Inequality and consumption variability

Josh Merfeld

KDI School of Public Policy and Management

IZA

Jonathan Morduch

NYU Wagner School of Public Service

November 14, 2024

Lots of progress on poverty

But inequality much more stubborn

Where does this data come from?

  • How do we calculate poverty and inequality?
    • In developing countries, usually household surveys
  • Hard to collect accurate data!
    • Do you know how much money you spent on maize in the last 365 days?
    • So we ask about shorter time frames, like 7 days

Where does this data come from?

  • In developed countries, this is often administrative data
    • Usually for the entire year
  • So we tend compare across developed and developing countries
    • “Poverty rate is the proportion of people living on less than X dollars per person per day”
    • This value is X lower in country Y than country Z
  • Merfeld and Morduch (2024): But poverty in the two contexts measures something inherently different
    • In developing countries, the poverty rate is the mean proportion of the year that people live in in poverty

Something similar with inequality

  • How do we interpret inequality?
    • We think most people think of it as differences in income/expenditures across households
  • Inequality as measured is a combination of two things:
    • Inequality across households (traditional inequality)
    • “Inequality” within households across time

Household expenditures

We only observe one random month

Another possible sample

Inequality, mathematically

  • Inequality as measured in LDCs combines this variability across time, within households
  • We decompose a Theil index into both of these components. What we think we are measuring:

\[\begin{equation} T_{L} = \frac{1}{N} \sum^{N}_{i=1} \ln \left( \frac{\mu}{\bar{x}_i} \right) \end{equation}\]

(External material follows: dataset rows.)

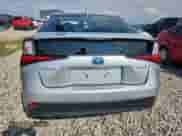 2021 Toyota Prius L Eco with VIN JTDKAMFU1M3150517, listed as a Copart auction lot 70697765 with 107,800 mi miles and Salvage title. Bid and sale history available at DreamBid. Image 6.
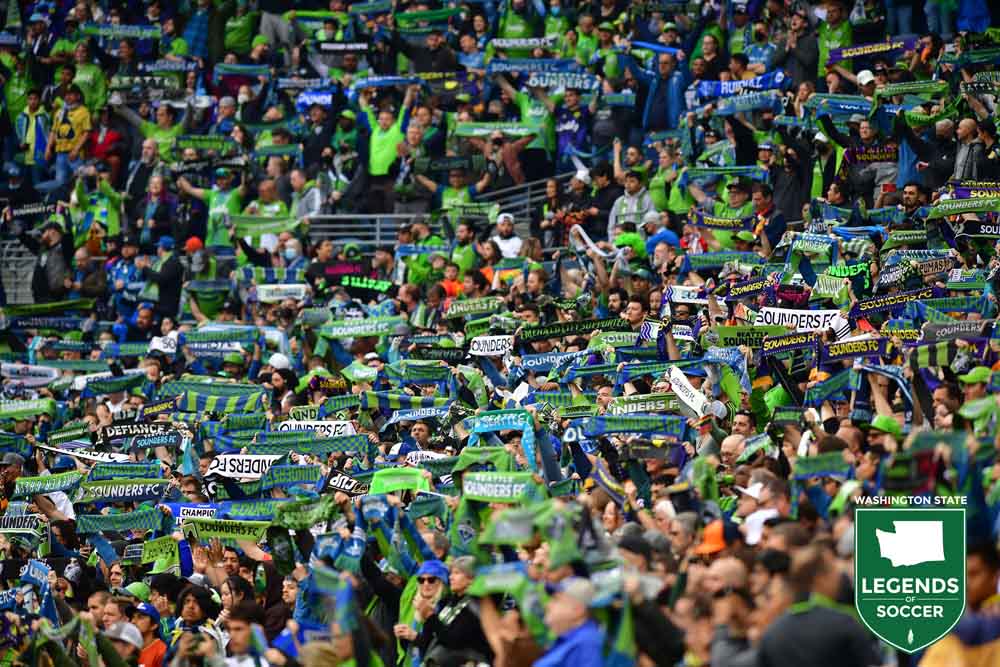 A record crowd for a Concacaf Champions League final goes scarves-up at Lumen Field prior to the Sounders-Pumas second leg of the final. (Courtesy Jane Gershovich/Sounders FC)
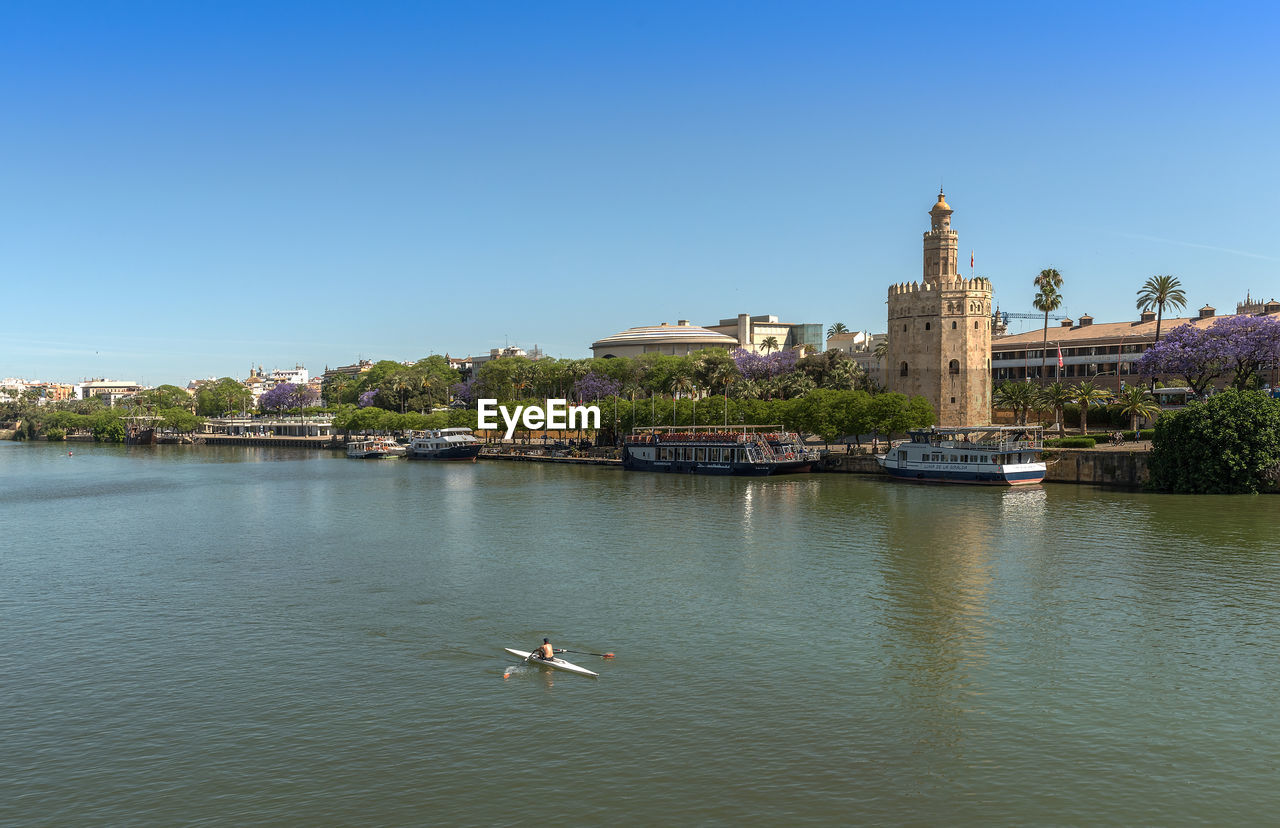 View of the guadalquivir river and the torre del oro, seville, spain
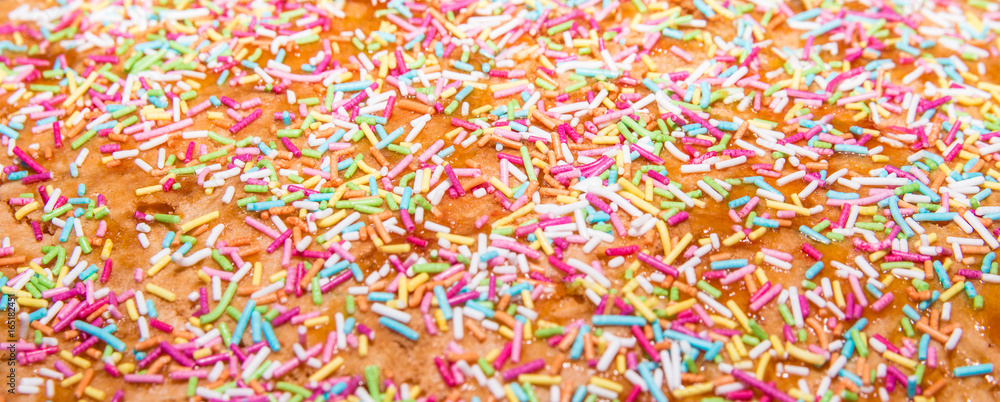 Sugar sprinkle, decoration for cake and bekery, a lot of sprinkles as a background Sugar sprinkle, decoration for cake and bekery, a lot of sprinkles as a background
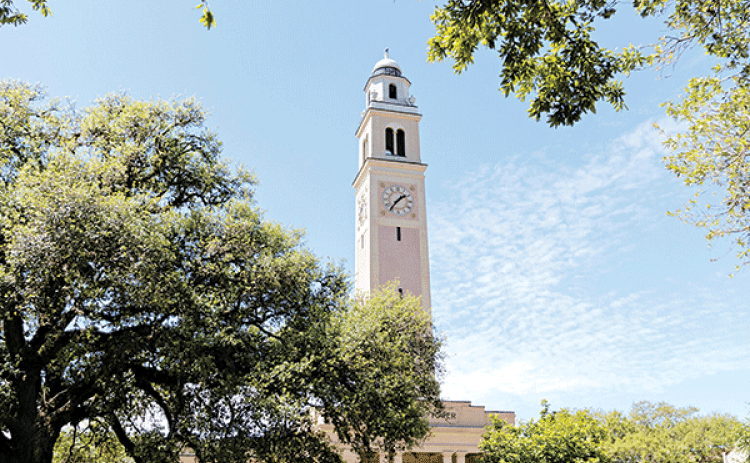LSU’s Memorial Tower displays the time on Monday, March 20, 2023, on Tower Drive in Baton Rouge. (Matthew Perschall for Louisiana Illuminator)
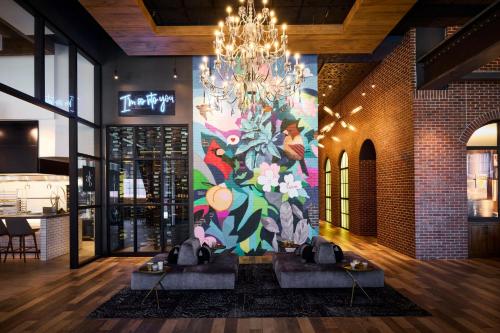 ein Wandgemälde an der Wand eines Restaurants mit zwei Tischen in der Unterkunft Archer Hotel Tysons in Tysons Corner
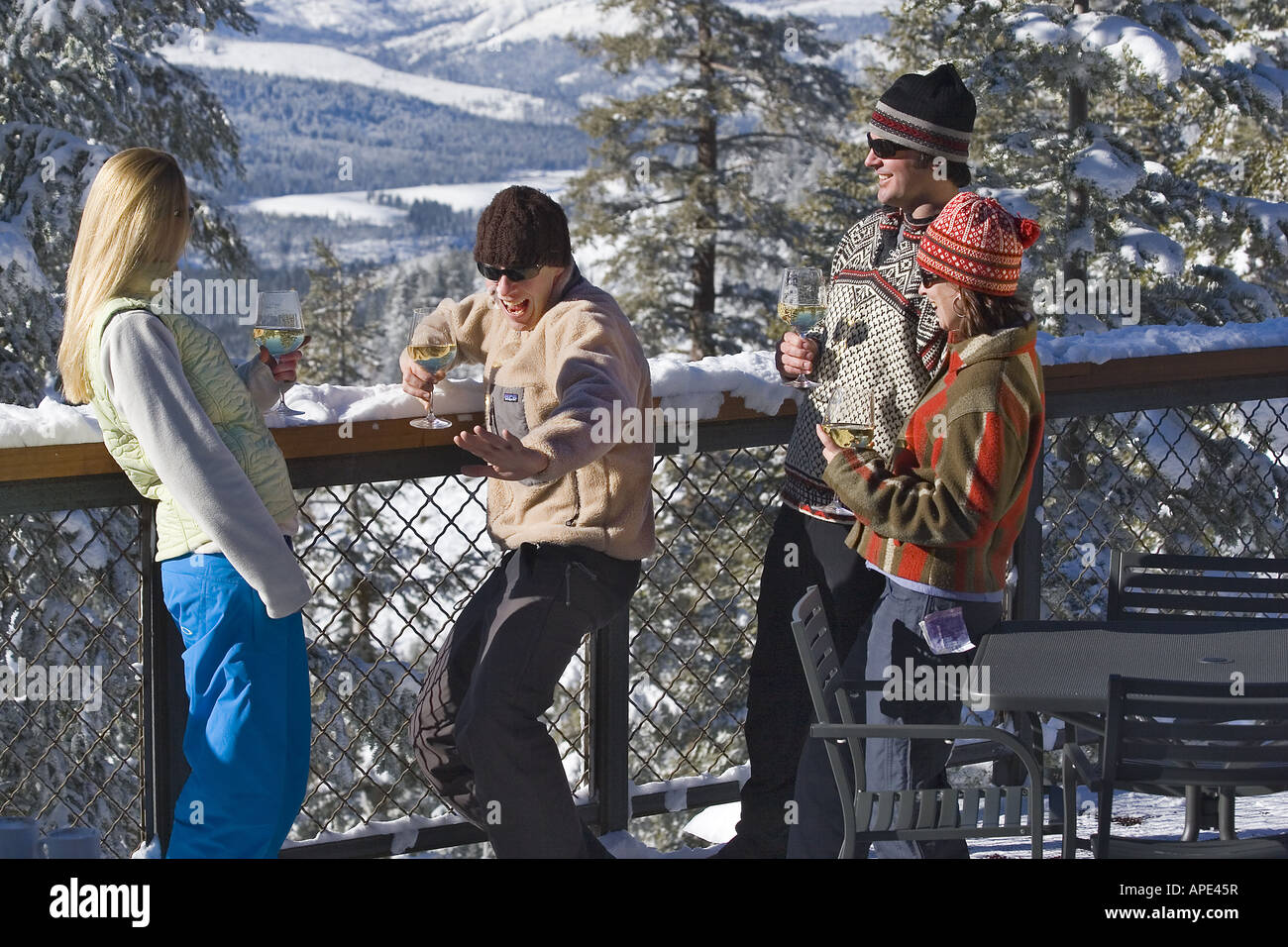 Vier Freunde genießen Weißwein auf dem Deck eines Ski lodge an einem verschneiten Tag während des Gesprächs im Northstar in der Nähe von Lake Tahoe. Stockfoto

  • \(\bar{x}_i\) is each household’s mean expenditure
  • \(\mu = \frac{1}{N} \sum^{N}_{i=1} \bar{x}_i\) is overall mean

Inequality, mathematically

  • What we are actually measuring (where \(x_{it}\) is observed expenditures, which is a random draw for each household):

\[\begin{align} T_{L-HF} =& \frac{1}{N} \sum^{N}_{i=1} \ln \left( \frac{\mu}{x_{it}} \right) \end{align}\]

\[\begin{align} \neq \frac{1}{N} \sum^{N}_{i=1} \ln \left( \frac{\mu}{\bar{x}_i} \right) \end{align}\]

Inequality, mathematically

  • What we are actually measuring (where \(x_{it}\) is observed expenditures, which is a random draw for each household): \[\begin{align} T_{L-HF} =& \frac{1}{N} \sum^{N}_{i=1} \ln \left( \frac{\mu}{x_{it}} \right) \\ =& \frac{1}{N} \sum^{N}_{i=1} \ln \left( \frac{\mu}{x_{i}}\frac{x_{i}}{x_{it}} \right) \\ =& \frac{1}{N} \sum^{N}_{i=i} \ln \left( \frac{\mu}{x_{i}} \right) + \frac{1}{N} \sum^{N}_{i=i} \frac{1}{T} \sum^{T}_{t=i} \ln \left( \frac{x_i}{x_{it}} \right) \\ =& T_{L} + V_{L}. \end{align}\]

  • We call these between inequality and within inequality, respectively

  • Note that \(V_{L}\) is arguably of interest in its own right! It is within-household expenditure variability

Recovering traditional inequality

  • We want to try and recover traditional inequality, \(T_{L}\)
    • This isn’t what we’re measuring!
  • How? We will try and estimate each household’s mean expenditures for the year, \(\bar{x}_i\)
    • We use detailed information on households and modern machine learning method, XGBoost

Basic idea

  1. Estimate XGBoost model to predict monthly expenditures in each month, \(x_{it}\)
  1. Use these predictions to estimate each household’s mean expenditures, \(\bar{x}_i\)
  1. Calculate between inequality using these estimates
  1. Calculate within inequality as the difference between measured Theil index and between inequality
  1. Bootstrap entire process for inference
  • How do we know how well it works?
    • Validate method using ICRISAT data which has monthly expenditures for ~1,000 households in India

Data

  • Two sources of data in this paper:
  • ICRISAT VDSA:
    • Monthly household panel data for five years
    • Rural India only
    • Use for validation of our approach
  • National Sample Survey (NSS):
    • Nationally representative household survey
    • Three waves: 2004-2005, 2007-2008, 2011-2012

Decision trees and XGBoost

Validation with ICRISAT

NSS: Even better! Out-of-sample, monthly exp p.c.

Summary so far

  • Starting point is estimating monthly expenditures
    • But we then want to aggregate to annual mean
    • We only use the annual values in the rest of our estimation
  • ICRISAT:
    • Monthly expenditures correlation: \(0.639\)
    • Annual expenditures much better: \(0.796\)
  • NSS:
    • Monthly expenditures correlation: \(\approx0.81\)
    • Annual expenditures much better: \(???\)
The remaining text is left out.